At Mosaic Commons Cohousing we started with a conflict resolution team, which we later renamed community support (CS), that helps people engage with interpersonal conflict. We have an agreement that people will try to resolve conflicts on their own, and that if they engage the CS team they will make an effort to come to agreement (and that they might simply agree to disagree).

So when Evonne calls, a member of the CS teams asks: do you want to try to resolve this conflict? If the answer is yes, we meet with her, and contact Roberto and meet with him. We listen to the stories of
what happened, and then we help the two people get together.

Sometimes it leads to deeper understanding. Sometimes it leads to an apology. Sometimes the same two people come back again and again.
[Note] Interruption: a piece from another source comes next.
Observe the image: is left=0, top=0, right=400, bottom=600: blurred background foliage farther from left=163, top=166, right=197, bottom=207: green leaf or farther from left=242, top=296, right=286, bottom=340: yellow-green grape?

I am leading a workshop on how to create and use a community support team at the National Cohousing Conference. When I think about “for the health of it” I think especially of our emotional health. The
questions that arise are not only how can we help others resolve conflict, but also, when is it impossible to solve a conflict? What are the reasonable boundaries for a community support team? Join me
for the pre-session to dig deeply into community support, and for the Saturday session for how to create a conflict resolution team.

Liz Magill has been a part of Mosaic Commons Cohousing since 2002. She moved into her new home in 2009 and has been on the community support team all that time!

Art work is a Pair of Kea by Bernard Spragg, Creative Commons License.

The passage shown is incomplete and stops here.